As a member of the public trying to develop your property, you may see the Bay Act as a pain, but it is important to understand the reasoning behind this legislation.  The Chesapeake Bay is a national Treasure and it deserves to be protected.  It is the nation's largest estuary and one of the world's most productive.  The Bay is home to over 2,700 species and it drains 64,000 square miles of land Chesapeake Bay Watershed Map. 




The Lynnhaven River and its watershed drain into the Chesapeake Bay, and are subject to the Bay Act.  More than half (54%) of Virginia Beach's residents live in the Lynnhaven River's 64 square mile watershed. 



Because the Lynnhaven has such a dense residential population surrounding its waters, it is important for home and business owners to know how this legislation affects them. 

In 1991, the City of Virginia Beach adopted the Chesapeake Bay Preservation Act Ordinance, affecting all properties within the Chesapeake Bay watershed. This ordinance provides an outline of regulations that must be followed when developing within this protected area.  These regulations are often referred to as best management practices (BMPs), and are designed to improve water quality by protecting critical areas within the watershed.  

This ordinance separates protected land into two categories:
  1. Resource Protection Areas (RPA)
  2. Resource Management Areas (RMA)
RPAs are critical areas within the watershed.  They are usually adjacent to waterways, and are subjected to more regulations.  RMAs are adjacent to RPAs, extending landwards to the edge of the waterside, and are not as strictly regulated.
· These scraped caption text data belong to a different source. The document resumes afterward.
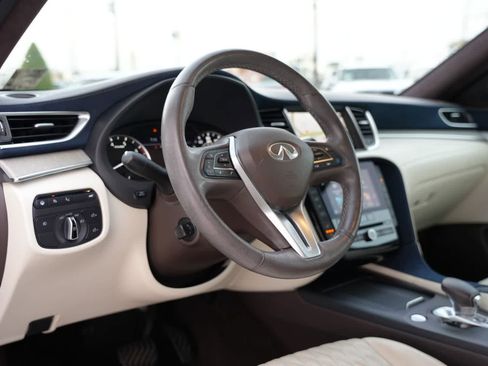 Used 2021 INFINITI QX50 Autograph w/ Premium White Leather Package FWD image 15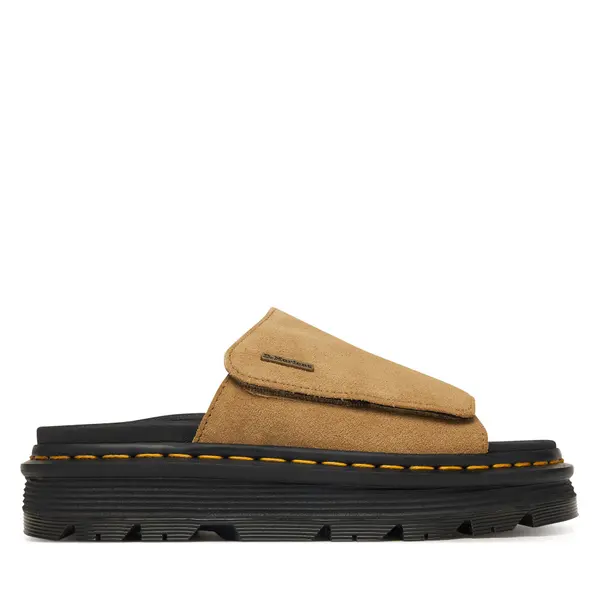 Dr. Martens Natikače Dr. Martens Zebzag DM42409200 Svijetlo smeđa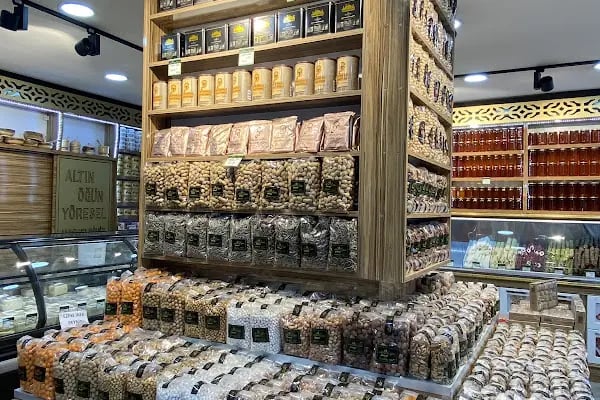 Altın Öğün Yöresel Orta Mahalle Akçaabat - Resim 7
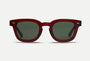 Ahlem | Champ De Mars | Burgundy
So, how do I know what this means to me exactly, as a property owner within the Lynnhaven River watershed? Here is a link the the City of Virginia Beach's homeowners guide to Chesapeake Bay resource protection areas-- Home Owner's Guide to Chesapeake Bay Resource Protection Areas

Any work or project to be done in the RPA must be approved by the city. You can submit at Preliminary Project Request (PPR) available here

Some basic guidelines:

  • Nothing can be build in the RPA (with the exception of boat-docking structures and shoreline control structures)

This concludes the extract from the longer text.